*DATA SUPPLIED:*
# # # #
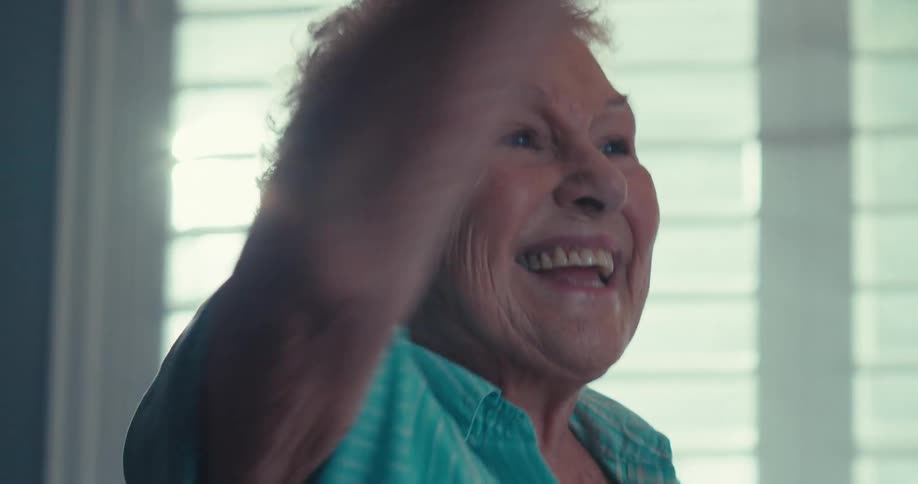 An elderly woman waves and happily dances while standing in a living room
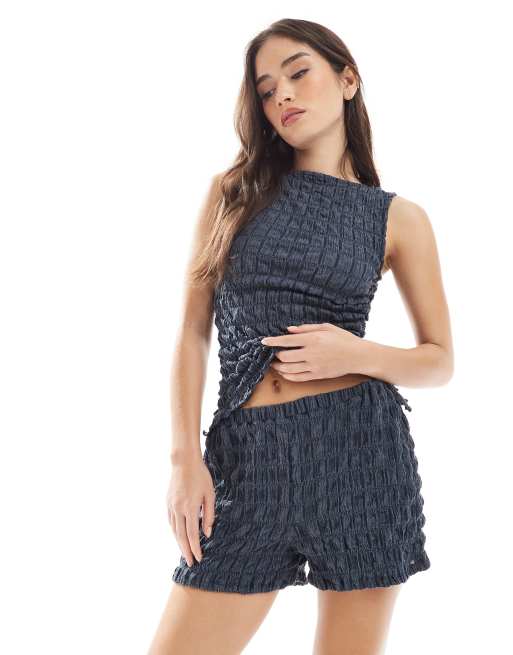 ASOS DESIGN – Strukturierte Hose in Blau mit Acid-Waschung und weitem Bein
# # # #
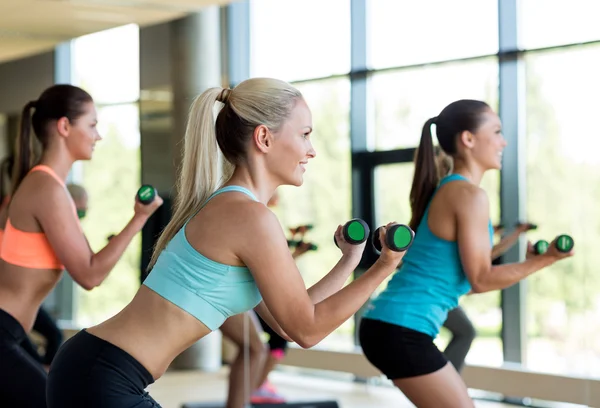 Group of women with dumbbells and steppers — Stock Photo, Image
# # # #
*THE TASK:*
In the material above, which lines fall between the one holding "An elderly woman" and the one holding "ASOS DESIGN –", inclusive? Print exactly those, with the pictures left out.

*EXERCISE SOLUTION:*
 An elderly woman waves and happily dances while standing in a living room
 ASOS DESIGN – Strukturierte Hose in Blau mit Acid-Waschung und weitem Bein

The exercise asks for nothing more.